Juanita Johnson-Bailey, a professor in the department of lifelong education, administration and policy and a 2010 Distinguished Meigs Teaching Professor, was named director of the Institute for Women’s Studies on July 31.
She has served as interim director since July 2009, when former director Chris Cuomo left to pursue a fellowship at Amherst University. Johnson-Bailey attributes her commitment to women’s issues as starting in her childhood.
“My thinking and focus always have centered on what it meant to be female in the world, even before I knew there was a discipline called women’s studies, because my family members, especially my parents, and my elementary school nuns didn’t ascribe to the idea of putting parameters on girls. But rather, these influential role models always cautioned me that being a girl should only make me try harder,” she said. “This early perspective not only encouraged confidence, but engendered a curiosity about the situation of girls and women in our society.”
So she thinks that finding herself as the new director of women’s studies at UGA is a “wonderfully fortuitous destination” at this point in her career.
Johnson-Bailey began her career at UGA in fall 1995, when she was hired as an assistant professor with a joint appointment in the department of adult education and women’s studies.
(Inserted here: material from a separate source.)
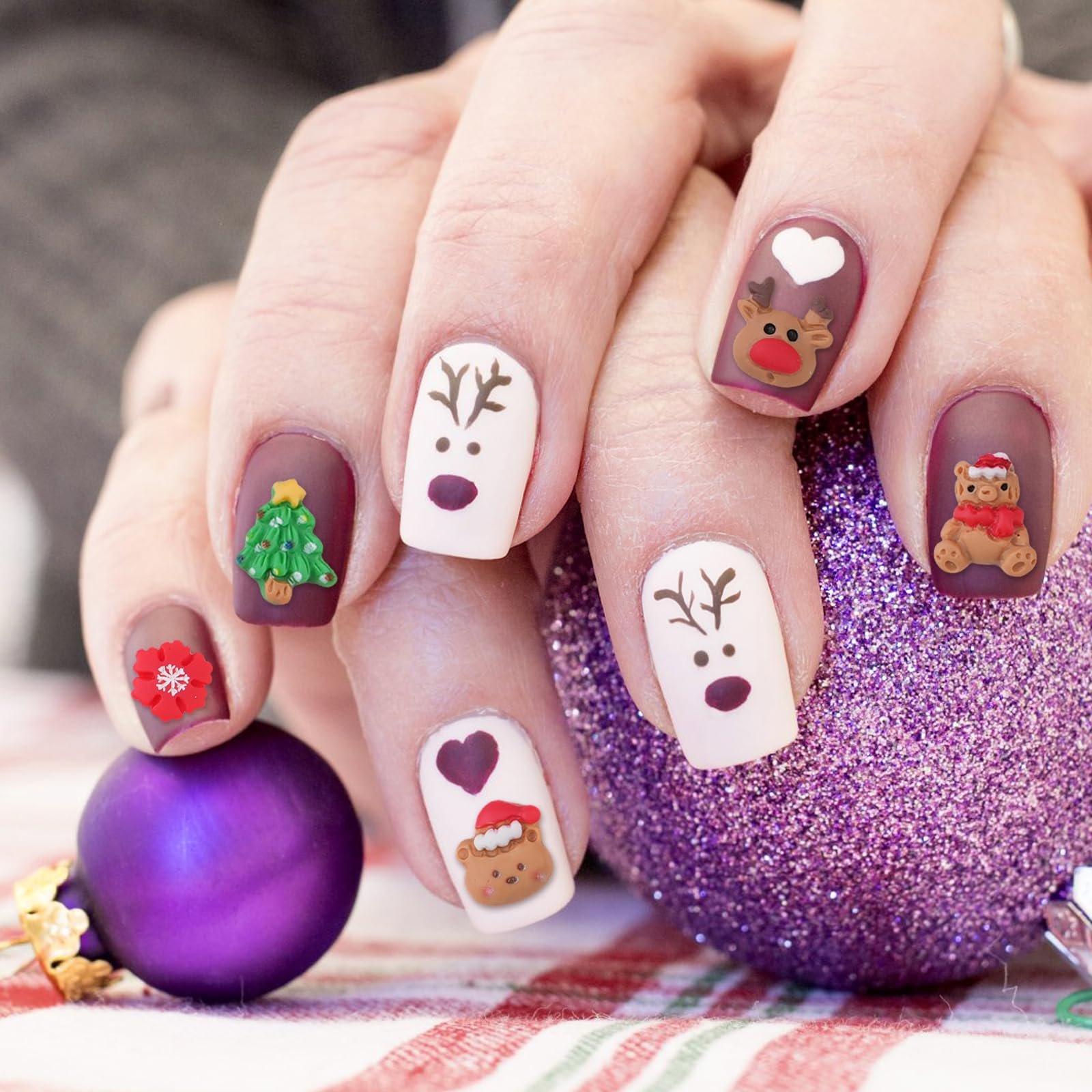 Різдвяні, 3 коробки, 3D прикраси для нігтів, фото №5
Five years later, she rose to associate professor and reached the rank of full professor in 2005.
In her career at UGA, she has taught more than 19 graduate-level courses, with her signature courses being “Feminist Pedagogy” and “Gender and Race in the Workplace.” Her research interests center on examining disenfranchisement in educational and workplace setting, with her dissertation centering on the experiences of black re-entry and graduate students.
She co-edited the recently published Handbook of Race in Adult Education and authored Sistahs in College: Making a Way Out of No Way, which won the 2002 Frandson Award for Literature in Continuing Education. In 2000, Johnson-Bailey co-created the Southern Africa Study Abroad Program, and in 2006 co-convened UGA’s first conference on black issues in higher education.